# [Work required]
The whole listing is to be written out again exactly; the pictures are not.

# [Dataset section]
━━━━━━━━
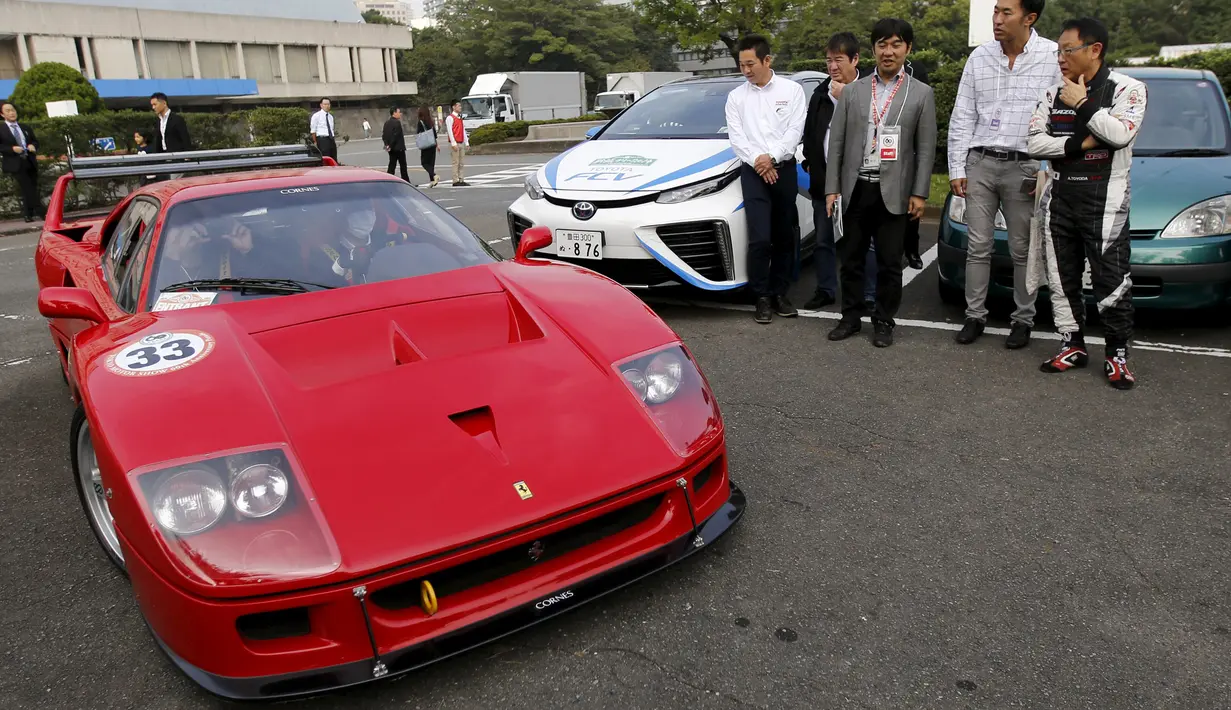 Presiden Toyota Motor Corp Akio Toyoda (kanan) saat melihat mobil Ferari 40 selama promosi Tokyo motor Show di Jepang, Sabtu (24/10/2015).  Nantinya lebih dari 76 merk mobil ternama akan meramaikan acara ini. (REUTERS/Toru Hanai)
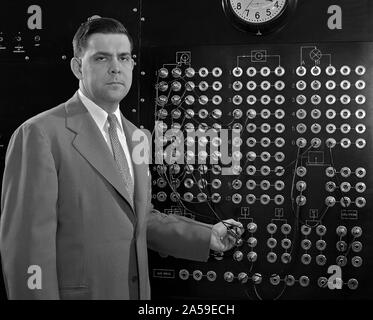 Harry Mergler stands at the control board of a differential analyzer in ...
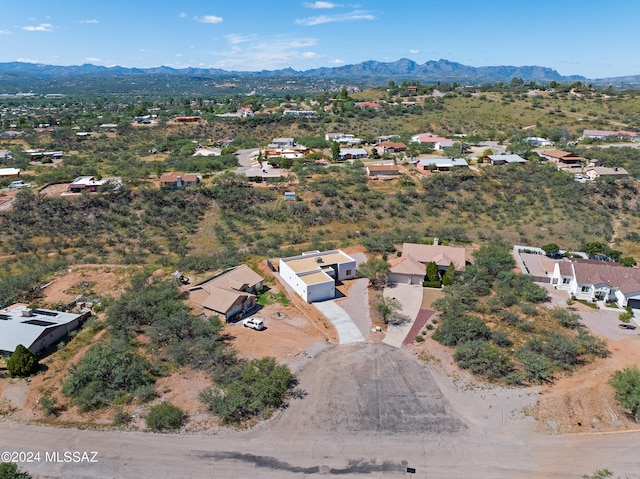 birds eye view of property with a mountain view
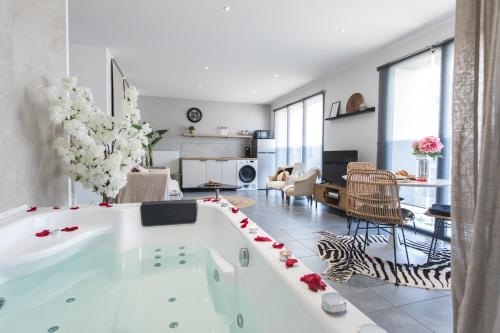 a large white bath tub in a living room at BALI SPA détente à deux à 5 minutes de Tours centre in Tours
━━━━━━━━
# [Solution for this exercise]
 Presiden Toyota Motor Corp Akio Toyoda (kanan) saat melihat mobil Ferari 40 selama promosi Tokyo motor Show di Jepang, Sabtu (24/10/2015).  Nantinya lebih dari 76 merk mobil ternama akan meramaikan acara ini. (REUTERS/Toru Hanai)
 Harry Mergler stands at the control board of a differential analyzer in ...
 birds eye view of property with a mountain view
 a large white bath tub in a living room at BALI SPA détente à deux à 5 minutes de Tours centre in Tours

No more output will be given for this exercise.